## Directions
Beginning with the line that contains "Фотография номера гостевого дома Возрождение", reproduce the remaining lines of the material exactly, up to and including the last one, but no pictures.

- - - - - - -

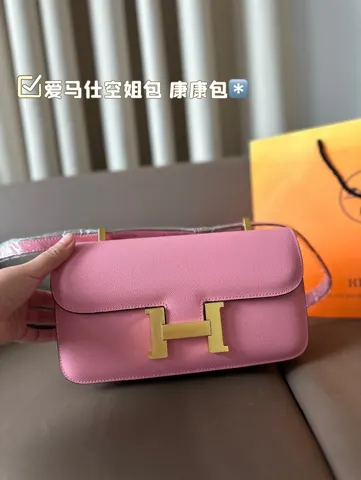 Hermès Bag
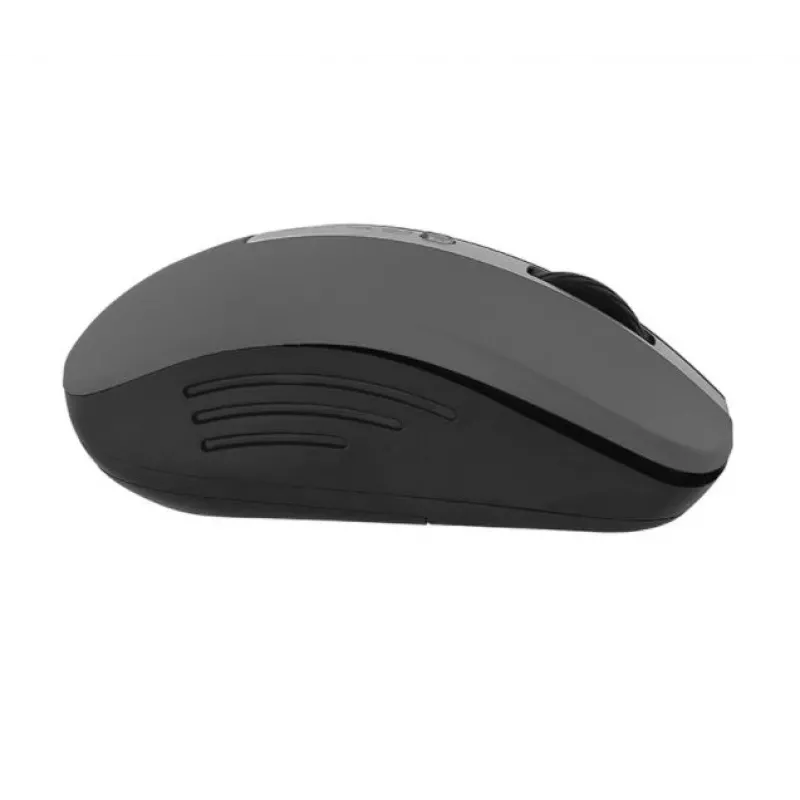 Tellur Basic langaton hiiri LED tummanharmaa TLL491081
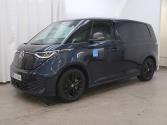 Volkswagen Hyötyautot Cargo 150 kW 77 kWh 1-vaihteinen automaatti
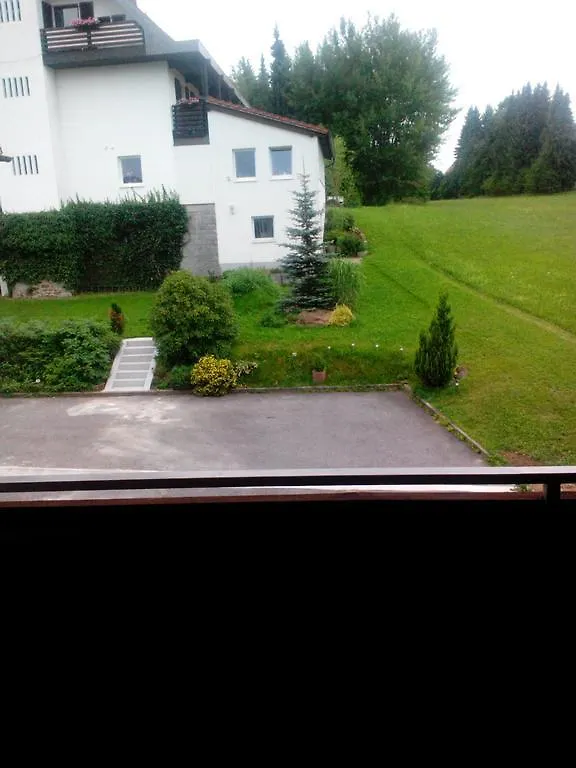 Pension Waldblick Spiegelau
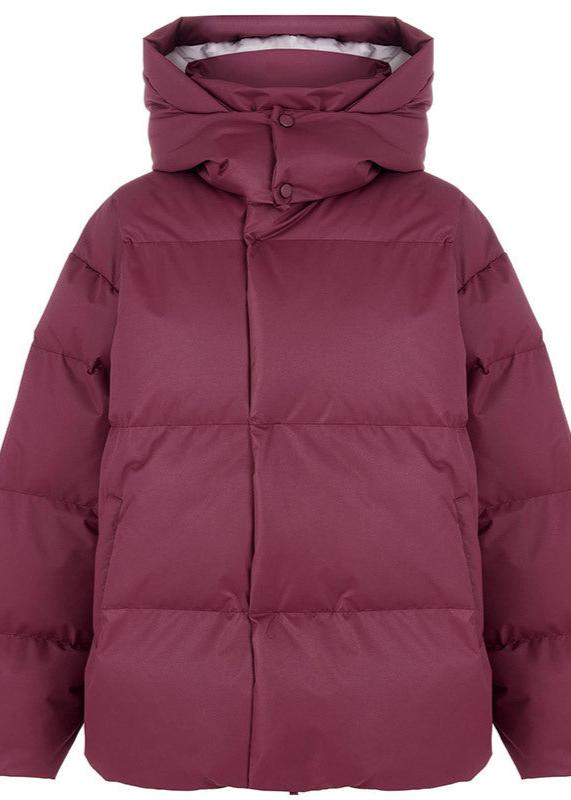 Sienna Oversize Şişme Ceket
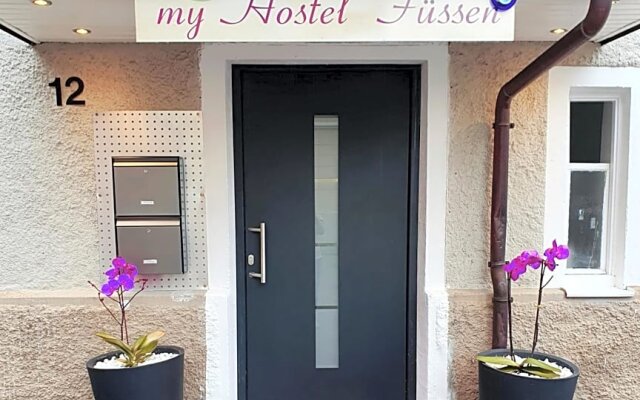 My Hostel Fssen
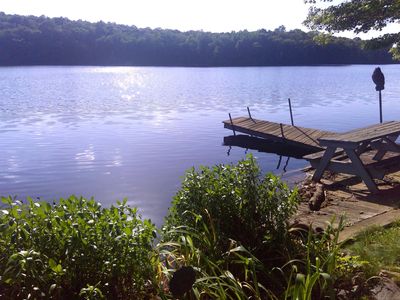 115 Lakeview Drive, Colchester, CT, 06415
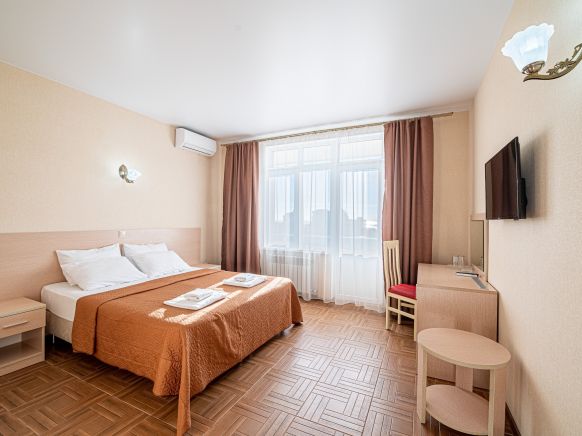 Фотография номера гостевого дома Возрождение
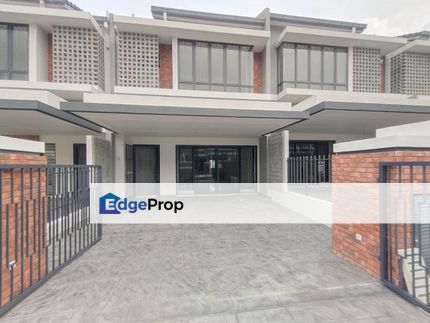 Double Storey Elmina Green 5 @  Elmina West, Shah Alam, Selangor, Shah Alam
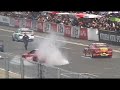 SuperGT Tuning Car Demo Run SuperGT Tuning Car Demo Run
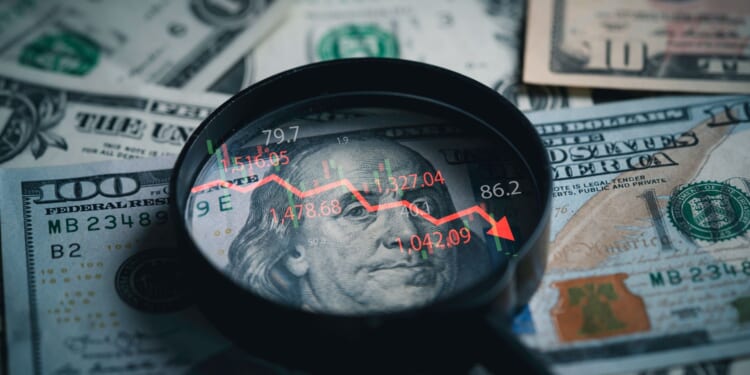 New York and New Jersey are Losing Hundreds of Billions as Residents Flee to Red States [WATCH]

- - - - - - -

## Answer below
 Фотография номера гостевого дома Возрождение
 Double Storey Elmina Green 5 @  Elmina West, Shah Alam, Selangor, Shah Alam
 SuperGT Tuning Car Demo Run SuperGT Tuning Car Demo Run
 New York and New Jersey are Losing Hundreds of Billions as Residents Flee to Red States [WATCH]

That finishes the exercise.